South Korea Teeters on the Edge

SEOUL, South Korea -- South Korea's largest credit card issuer, LG Card Co., said customers could withdraw cash again late Monday after creditors agreed to extend emergency loans and averted a liquidity crunch that threatened the country's financial system.

Debt-laden LG Card was forced to suspend cash advances over the weekend, raising the specter of a spiraling series of defaults as many South Koreans use their credit cards to pay bills and service other credit card debts.

LG Card has 14 million customers, almost a third of South Korea's population. They owe $22.7 billion and payments on about 10 percent of these debts are overdue.

"We will be able to resume cash advance services in the afternoon," said a spokesman for LG Card.

Woori Bank and other lenders agreed late Sunday to provide two trillion won ($1.68 billion) of fresh loans and to roll over LG's outstanding debt for one year, helping avert its insolvency.

But they warned they could write down LG family stakes in LG Card and sell other collateral if the LG Group parent failed to turn around the card firm.

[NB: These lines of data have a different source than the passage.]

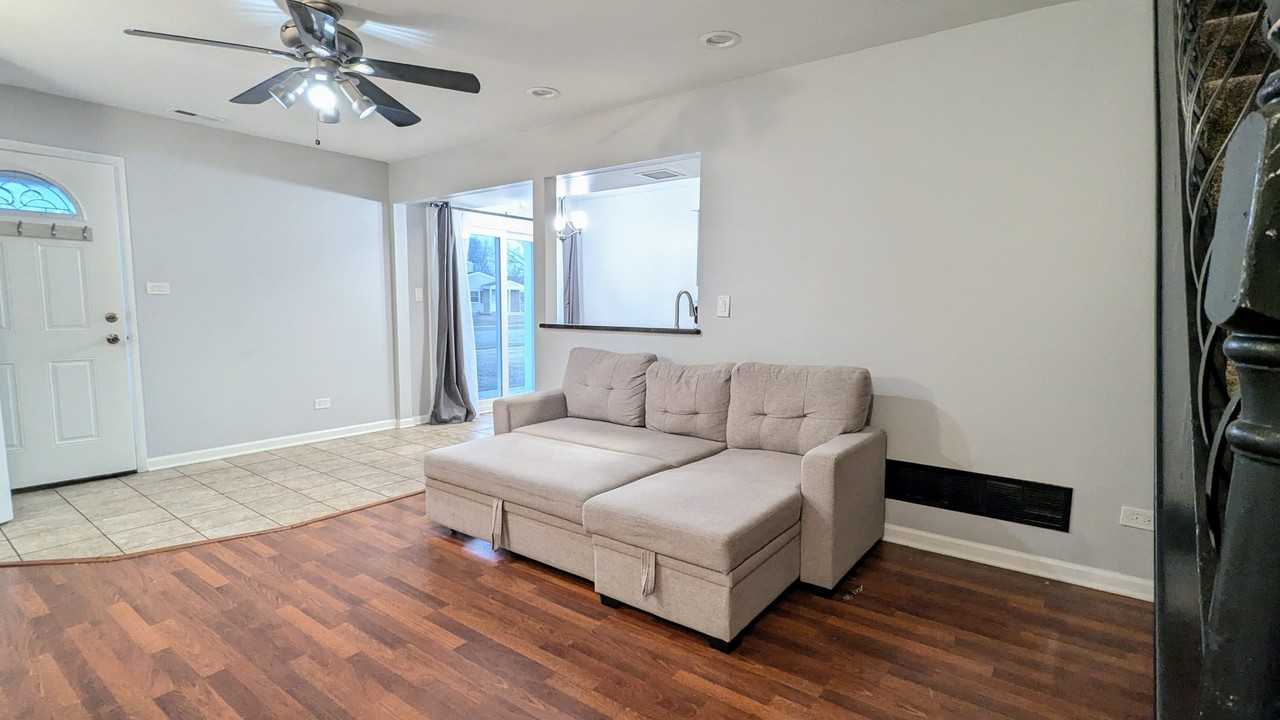 334 Marcia Ct #1 - Photo 5 of 23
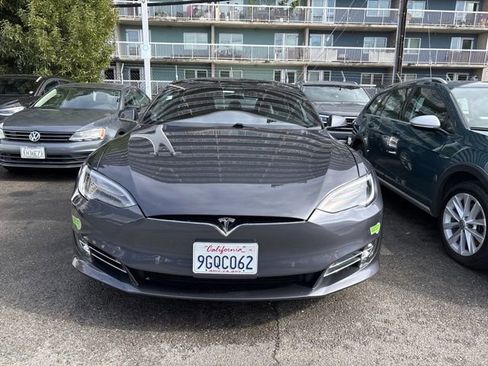 Used 2018 Tesla Model S P100D image 2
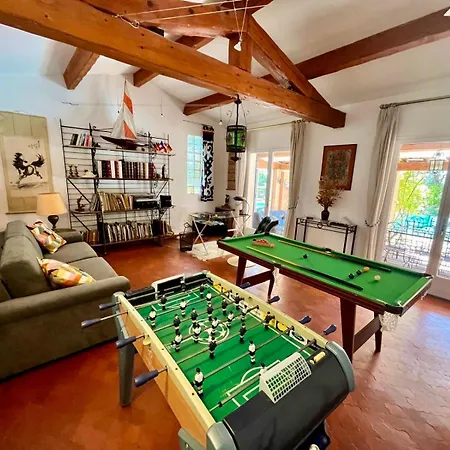 빌라 L'esbadaia Saint-Raphaël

They also said a debt-to-equity swap and a sale of LG Card to strategic investors was possible.

LG Card had faced a default on its debts because its lenders and its parent LG Group disagreed over collateral the group had originally offered in return for the bailout.

LG Group chairman Koo Bon-moo risks losing management control of South Korea's second-largest conglomerate, or chaebol, since he has given his 5.46-percent stake in LG Corp. as collateral. The family behind the LG Group is unlikely to lose control, however, as they have more than 50 percent. Analysts said the loans had not resolved LG Card's problems.

"We think this liquidity support package may only be able to stabilize rather than resolve LG Card's liquidity situation," said Philippa Rogers, an analyst at Goldman Sachs. "We think LG Card needs to find a strategic investor."

"Despite the emergency financial aid, the company is at a very critical point," said Park Seok-hyun, an analyst at Kyobo Securities.

The credit card crisis has also raised fears of another hit to South Korea's economy. Data last week showed South Korea only emerged from recession in the third quarter.

Fallout from the crisis spread into the foreign exchange, stock and debt markets. The won fell 7.8 won to 1,203 to the dollar, and the wider stock market fell almost 2 percent.

Finance Minister Kim Jin-pyo said the government had intervened in the creditors' bailout of LG Card by asking bankers to make a "wise decision" as the crisis threatened a fragile economy, Yonhap news agency reported.

Hyundai Motor Co., South Korea's biggest automaker, said it delayed a $400 million bond offer after investors asked for lower prices to account for higher risks on Korean paper. Credit card firms have 25.8 trillion won of bonds maturing next year, 45 percent of which are from LG Card, local media say.

The card industry is struggling to cope with the aftermath of a credit boom that left card issuers with piles of bad debt.